Um Vorverurteilungen durch KI entgegenzuwirken, raten die Verfasser, den Transfer bereits bestehender Forschungserkenntnisse zu diesem Aspekt in den Software-Entwicklungsalltag zu fördern. Individuen müssten in die Lage versetzt werden, sich gegen Diskriminierung durch die Technik zu wehren. Dazu erforderlich sei ein "Anspruch auf Transparenz, Nachvollziehbarkeit und Erklärbarkeit von KI-Entscheidungen", damit diese gerichtlich überprüft werden könnten.

Mit Blick auf Daten fordert die Kommission unter anderem den Aufbau einer europäischen Infrastruktur und verweist auf die Pläne für das Cloud-Projekt Gaia-X. Zudem soll Unternehmen der Zugang zu und das Teilen von Daten erleichtert werden, wozu das Kartell- sowie das Wettbewerbsrecht angepasst werden müsste. Dazu kommt der Ruf nach offenen Schnittstellen bei reichweitenstarken Online-Plattformen, über die Journalisten, Wissenschaftler sowie Marktaufsichtsbehörden Zugriff auf deren große Datenpools bekommen und Phänomene wie Social Bots untersuchen können sollen.

Auch der Punkt ökologische Nachhaltigkeit spielt eine Rolle.
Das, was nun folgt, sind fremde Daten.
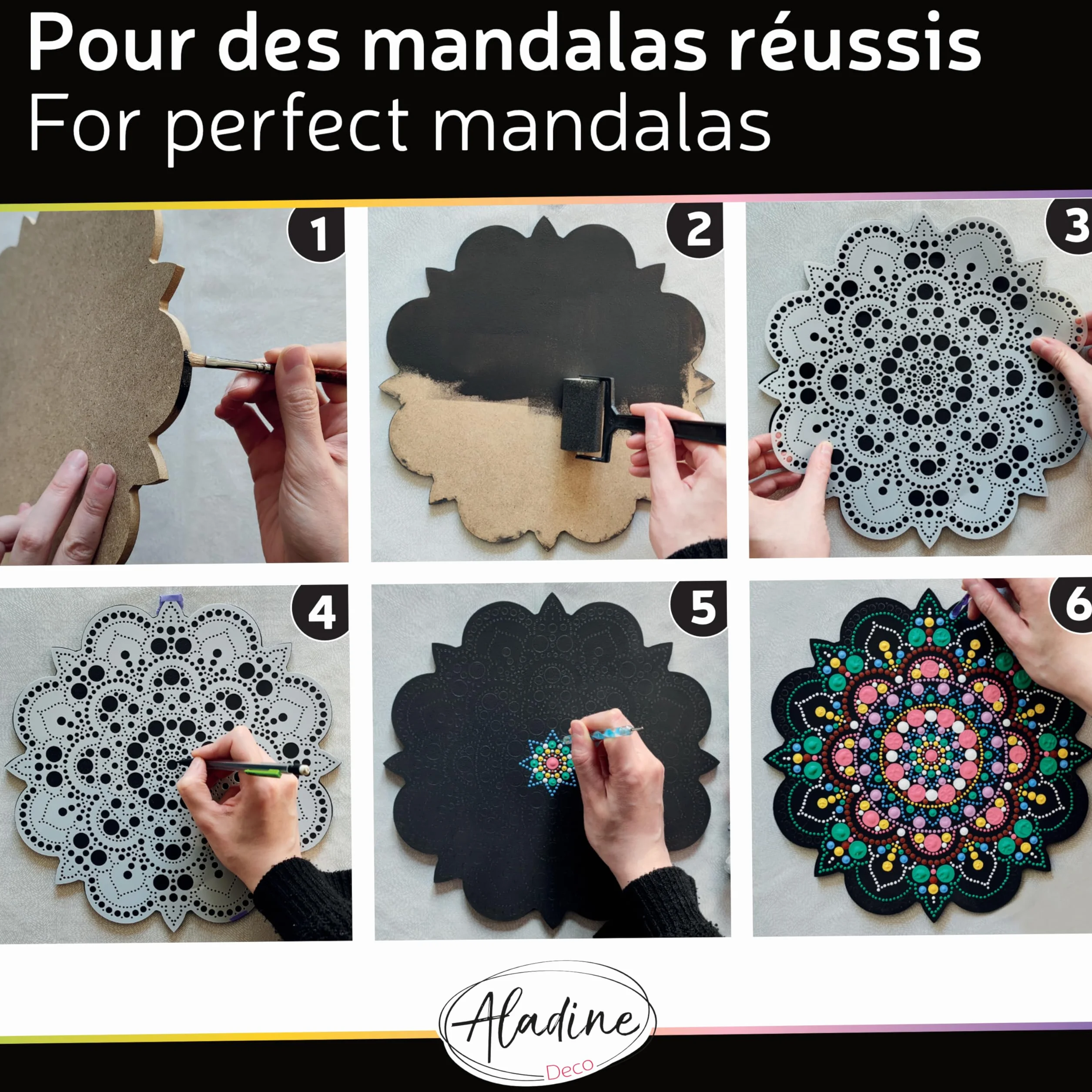 Aladine 85505 - Kit de mandala, 30 cm, diseño de mandala y soporte de madera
Hier verlangt das Gremium von der Regierung, KI-Anwendungen zum Nutzen von Umwelt und Klima ambitionierter zu fördern, auszubauen und umzusetzen. die Datenbasis zu positiven und negativen Effekten der Technik etwa auf den Energieverbrauch von Rechenzentren müsse verbessert werden.
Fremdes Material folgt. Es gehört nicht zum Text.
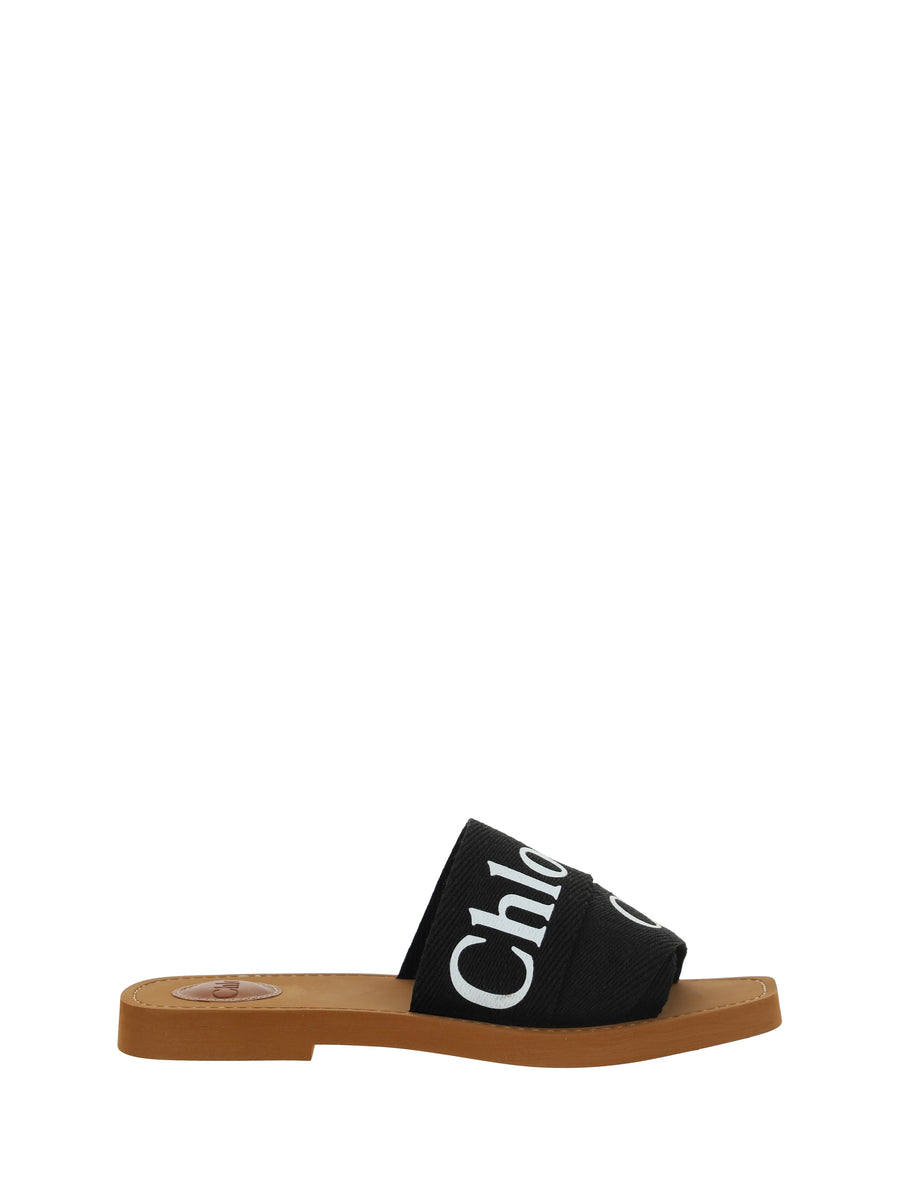 Sandals Woody Cotton Black Upper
Um die Glaubwürdigkeit journalistischer Arbeit zu gewährleisten, spricht sich die Kommission für eine konsequente einheitliche Kennzeichnung KI-generierter Texte aus. Im Kampf gegen "Deep Fakes" sei der Aufbau einer unabhängigen Einrichtung ratsam, die die technische Analyse von Medieninhalten unterstütze. Ursprung, Authentizität und Aussagekraft von Mediendaten müssten in verschiedenen Handlungsfeldern überprüft werden.

Die Auswahl und Ausgabe von Nachrichten werde aufgrund der großen Menge verfügbarer Information oft algorithmisch gesteuert, heißt es weiter. Die Entscheidungen darüber könnten Vielfalt und Charakter des öffentlichen Diskurses bestimmen und damit auch die politische Kommunikation, die Meinungsbildung und Wahlentscheidungen. Persönliche Verhaltensdaten, die für politisches Microtargeting nutzbar sind, sollten daher begrenzt werden.
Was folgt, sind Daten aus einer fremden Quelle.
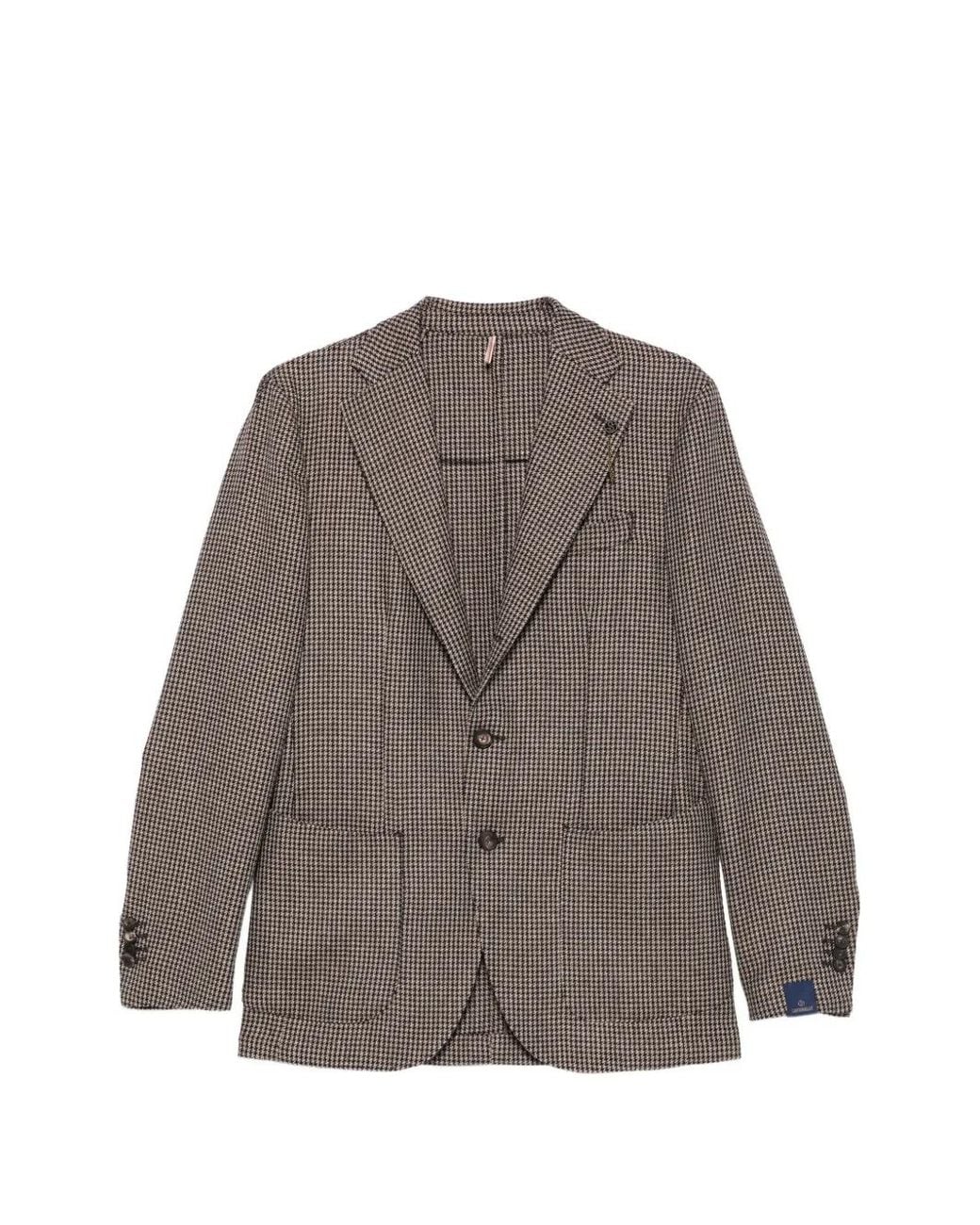 Santaniello Brown Houndstooth-Pattern Single-Breasted Blazer for men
KI-basierte Upload-Filter sind nach Überzeugung der Teilnehmer zum gegenwärtigen Zeitpunkt nicht geeignet, Urheberrechtsverletzungen im juristischen Sinne oder "Hassrede" sicher festzustellen. Von einem "routinierten Einsatz" solcher Instrumente ohne menschliche Kontrolle und Evaluation sei daher dringend abzuraten, "um die Meinungs- und Informationsfreiheit im Internet auch künftig zu bewahren".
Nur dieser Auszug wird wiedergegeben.